**Exercise instructions**
Your task is to print, exactly and only, the lines from the start of the entries below through the line with "Vue avant d'un". Include both ends, but skip the pictures.

[Short text fragments from websites]

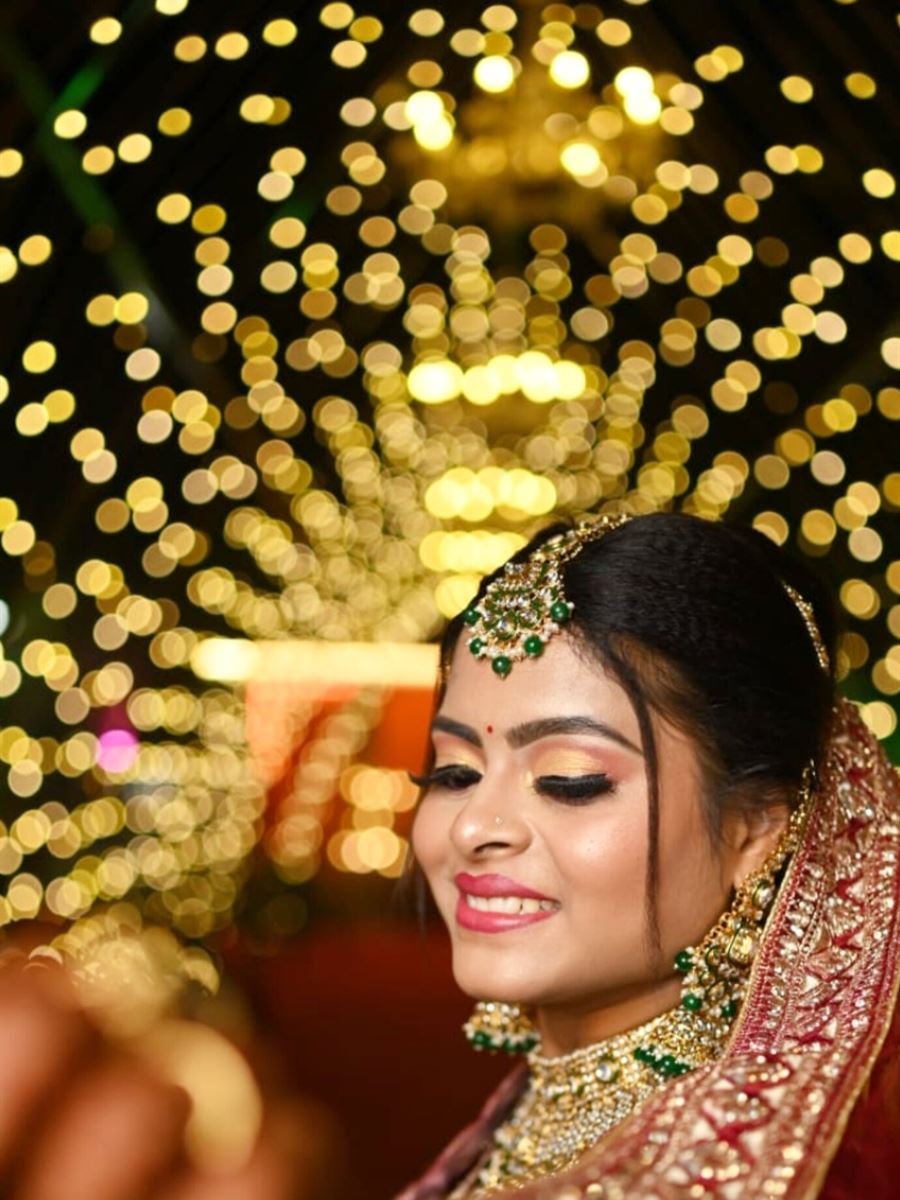 Sha lov bride on her wedding day with festive lights. Bridal Makeup Artist Bhubaneswar Cuttack Khurda
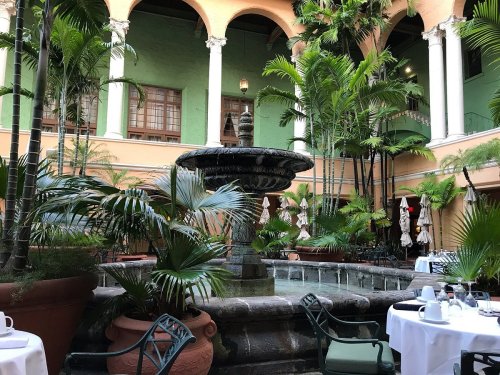 A serene courtyard with a fountain surrounded by lush greenery and elegant columns.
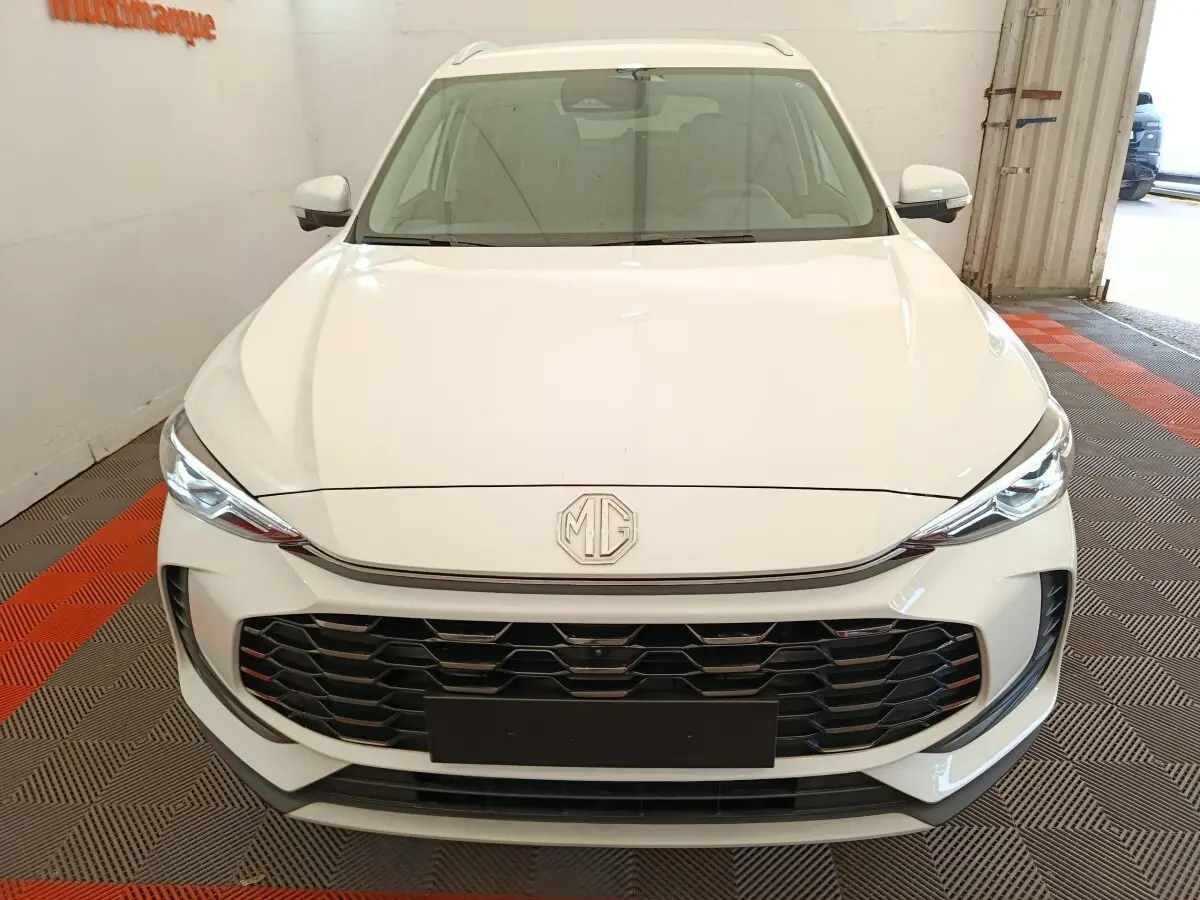 Vue avant d'un MG ZS blanc 2026 avec calandre noire et phares LED fins dans un garage.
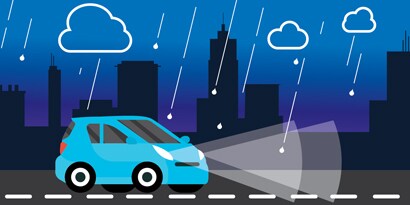 A graphic of a blue car in the rain at night, with its headlights illuminating the road markings ahead.
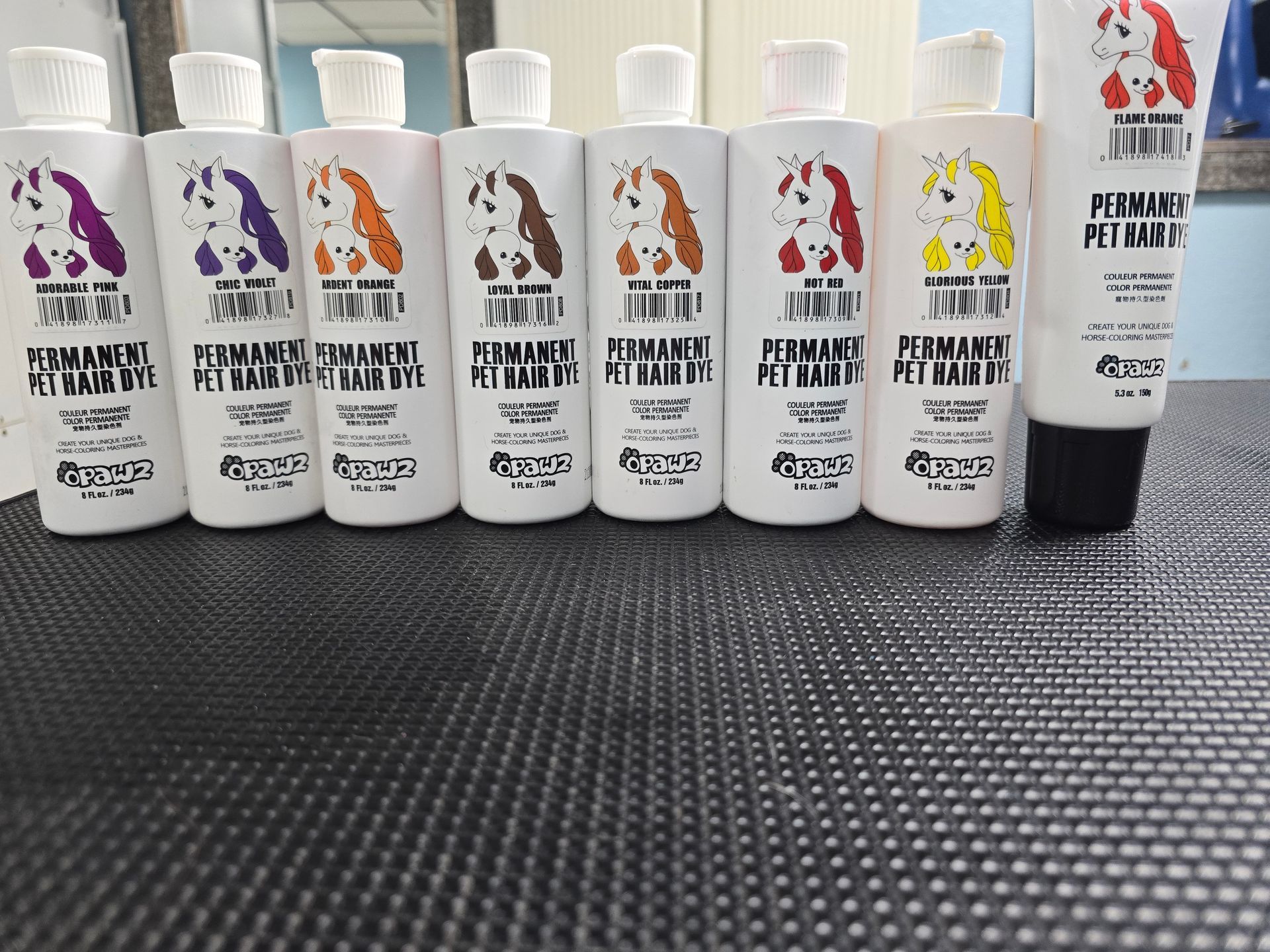 A row of pet shampoo bottles are lined up on a table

**Reply**
 Sha lov bride on her wedding day with festive lights. Bridal Makeup Artist Bhubaneswar Cuttack Khurda
 A serene courtyard with a fountain surrounded by lush greenery and elegant columns.
 Vue avant d'un MG ZS blanc 2026 avec calandre noire et phares LED fins dans un garage.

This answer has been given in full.